-- Exercise --
Consider the listing below. Extract exactly the lines from the line containing "Các thiết bị" to the line containing "BDM dévoile son", both included.

===== Records to process

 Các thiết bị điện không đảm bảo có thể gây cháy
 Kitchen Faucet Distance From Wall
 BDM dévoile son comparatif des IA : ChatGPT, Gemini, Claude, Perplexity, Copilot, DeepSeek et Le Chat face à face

==========
===== Records to process

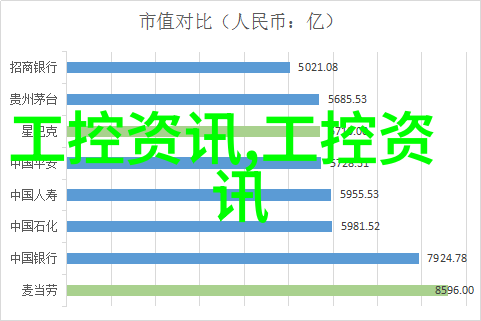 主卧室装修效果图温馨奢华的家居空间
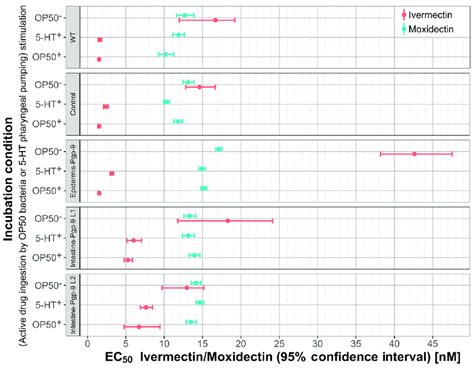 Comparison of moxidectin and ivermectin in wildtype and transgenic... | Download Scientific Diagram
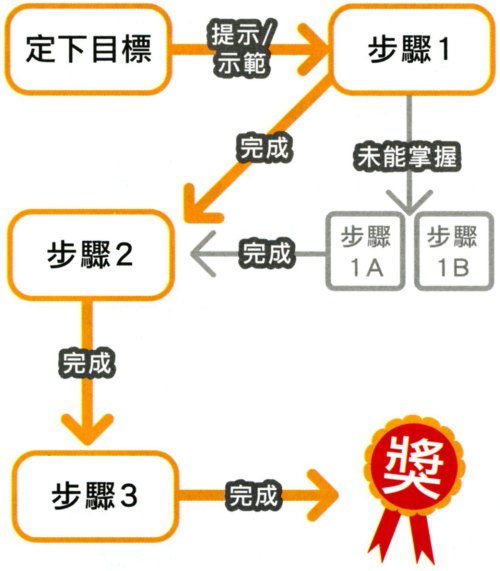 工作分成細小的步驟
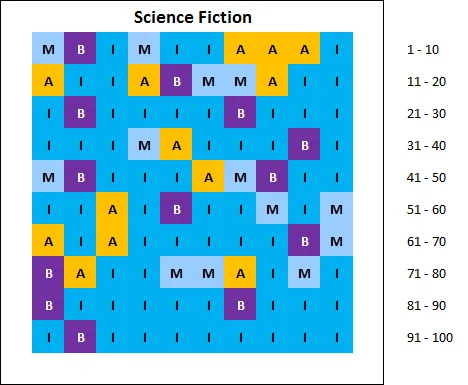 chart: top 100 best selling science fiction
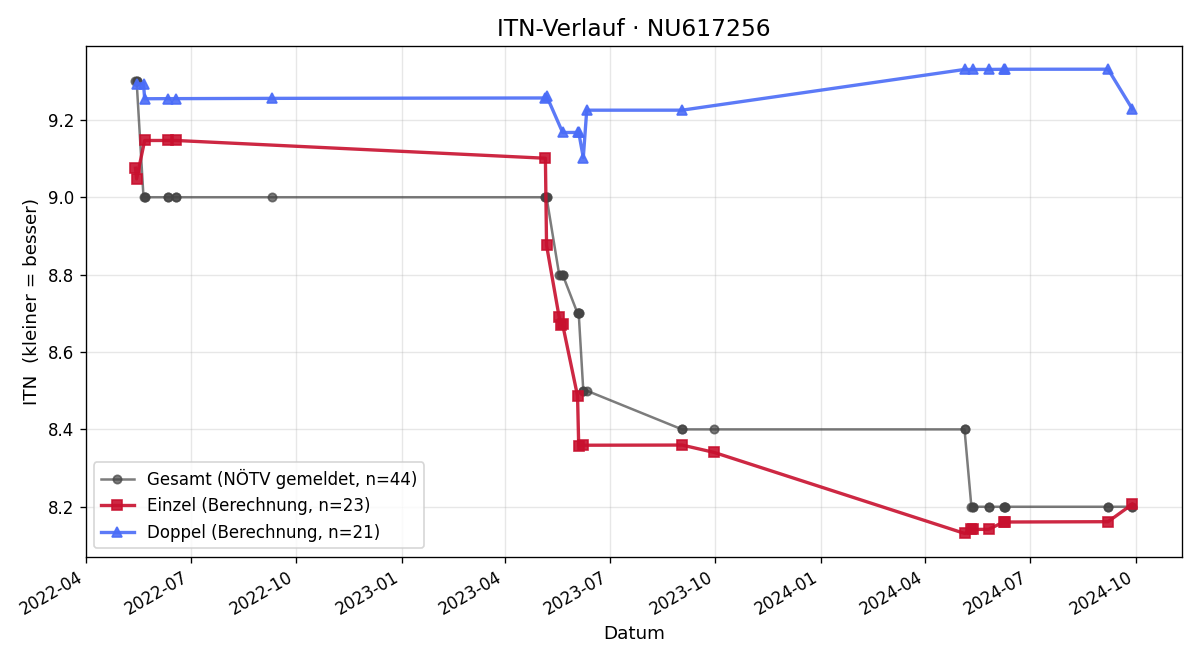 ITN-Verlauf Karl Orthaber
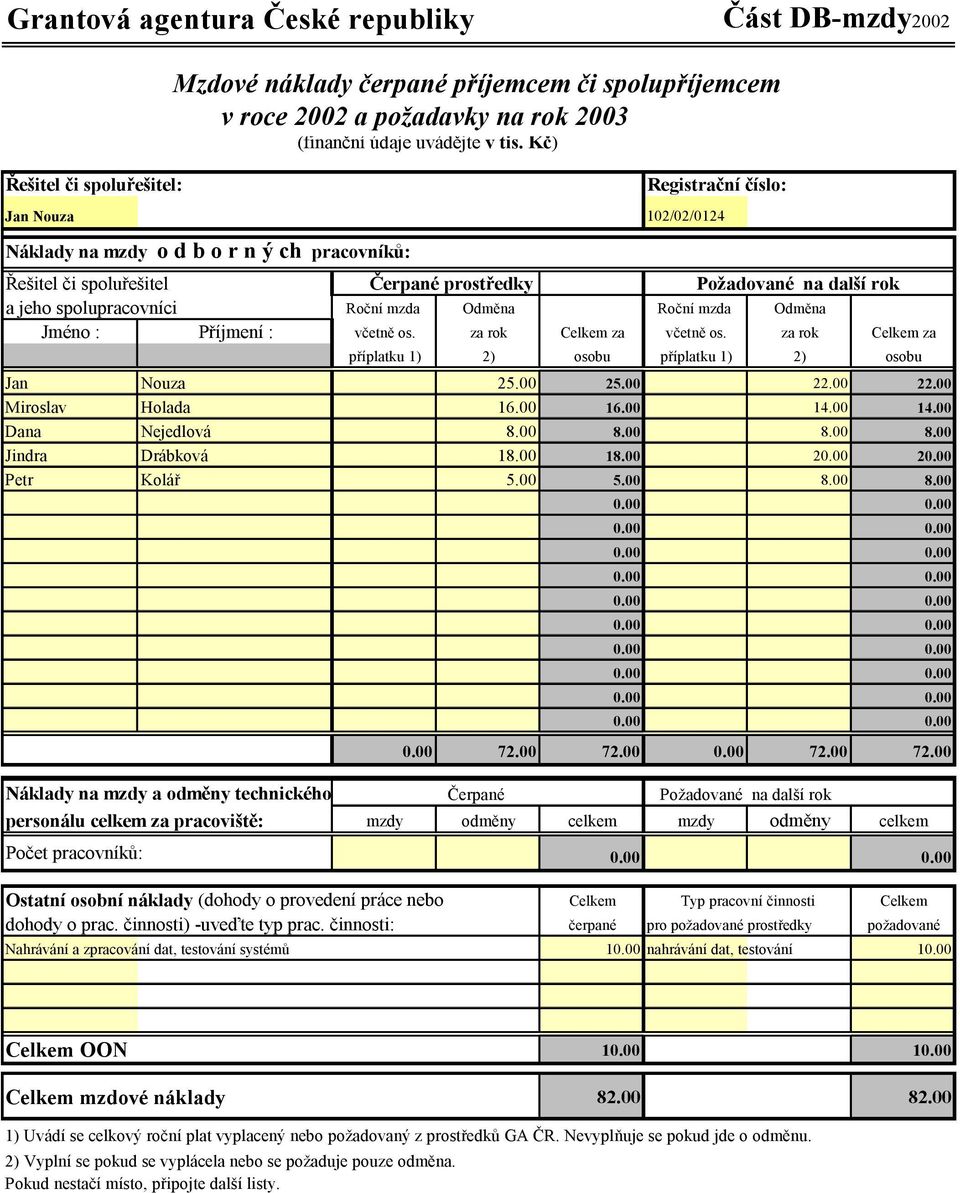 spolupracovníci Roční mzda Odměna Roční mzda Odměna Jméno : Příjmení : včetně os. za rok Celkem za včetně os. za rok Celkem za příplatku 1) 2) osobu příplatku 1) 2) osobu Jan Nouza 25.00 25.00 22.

==========

-- Task result --
 Các thiết bị điện không đảm bảo có thể gây cháy
 Kitchen Faucet Distance From Wall
 BDM dévoile son comparatif des IA : ChatGPT, Gemini, Claude, Perplexity, Copilot, DeepSeek et Le Chat face à face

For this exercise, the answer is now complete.